Solar geoengineering may also be a part of negative peace in a scenario where geoengineering is used to preserve internal stability—speculatively, one might think of China, or a Gulf state dealing with extreme heat on top of political crises, but a divided country like U.S. might also find utility in this. Preserving internal peace does not need to be an authoritarian gesture; it could also arise a demand from parts of civil society who want the state to protect them from risks. This may grow to encompass more climate-related risks as climate change worsens, and constituents on various sides of the political spectrum could formulate demands for it. Solar geoengineering might be seen as a way to limit unwanted climate migration, deal with within-country conflict over water use, maintain agricultural systems, and more. This demand could spring from how political problems are framed. Climate change may bring cascading effects that shape conflict risks—where populations are subject to compound effects from as sea level rise, depressed agriculture output, increasing hazards, and increasing migration flows (von Uexkull and Buhaug, 2021). If these lead to instability, governments may have an incentive to portray this instability as strongly climate-driven, even though it will likely have a mix of political drivers. The focus on climate invites climate-targeted measures, and solar geoengineering is performative and rapid-acting compared to many measures to address climate change.

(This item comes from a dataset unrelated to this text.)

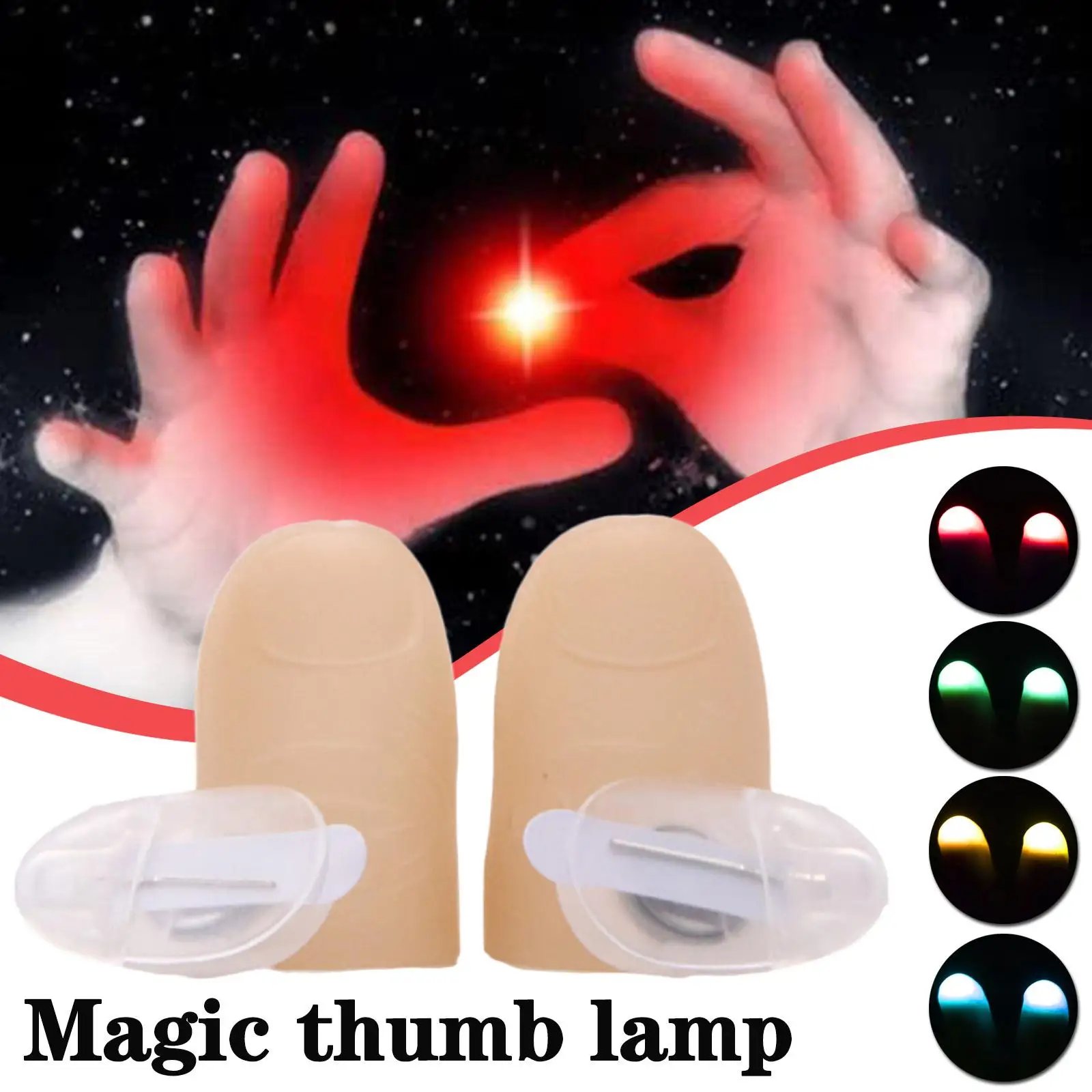 2Pcs Magic Super Electronic LED Light Flashing Fingers Magic Trick Props Kids Amazing Glow Toys Children Luminous Decor Gifts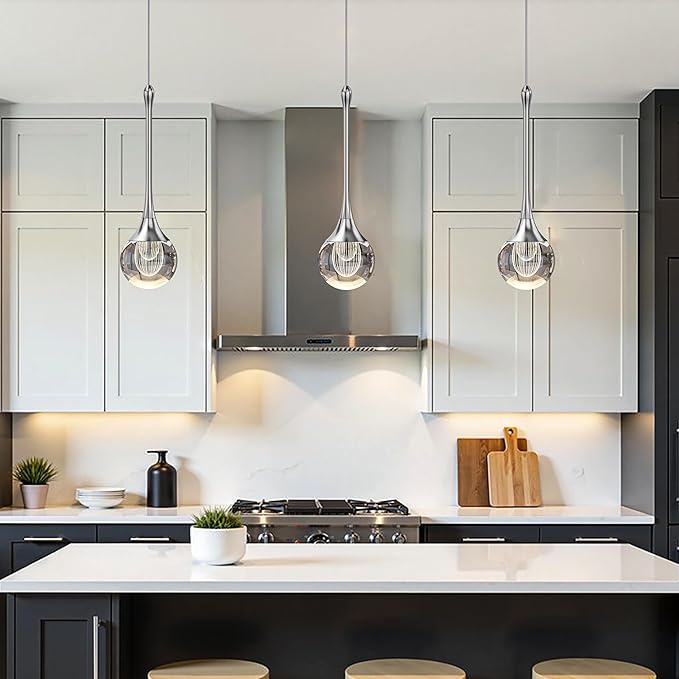 1-Pendant Lights Kitchen Island,Crystal Sliver Globe LED Chandelier, Modern Dimmable Adjustable Height Hanging Light Fixture,Sloped Ceiling,Bedroom,Dining Room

Another possible role for solar geoengineering in negative peace is that of bringing parties to agreement should there be conflict over fossil fuel phaseout. The uneven geographies of fossil fuel phaseout, and the potential for conflict related to phaseout, have not been adequately studied. Certainly, renewable energy has abundant and replenishable sources, leading to less oligopolistic global markets (Scholten et al., 2020); however, there are security risks in terms of cybersecurity and critical materials (Vakulchuk et al., 2020). A zero carbon world produces different zero sum games, and the pace of change matters (Goldthau et al., 2019). The geopolitics of phaseout may favor the US and EU, with wide access to renewable technologies, diverse economies, and money to transition hard-to-abate sectors. Producer countries, on the other hand, have a lot to lose in phaseout. So far, climate policy has largely approached the problem as one of cutting emissions, conceptualizing the carbon space or the climate as the resource, with parties coming to a shared arrangement for using it. But if we approach the essential problem here as one of fossil fuel phaseout, rather than cutting emissions, it makes the entrance for solar geoengineering even more clear. The leading model for how to do solar geoengineering, in its best case form, is a “buying time” model: it would employ solar geoengineering to buy time for decarbonization and carbon removal, as a temporary program that ramps up to reduce climate impacts during the transition, and then ramps down again over a century or so. However, underlying the buying time argument for solar geo is the question of for whom this time is bought—and one answer is, not for “the world” to decarbonize, but for producer nations to phase down operations more gradually. To be absolutely clear, I am not recommending this as a fair or good scenario; I am observing that solar geoengineering as a part of phasedown negotiations seems like one obvious use case for solar geoengineering, and therefore we should study its implications.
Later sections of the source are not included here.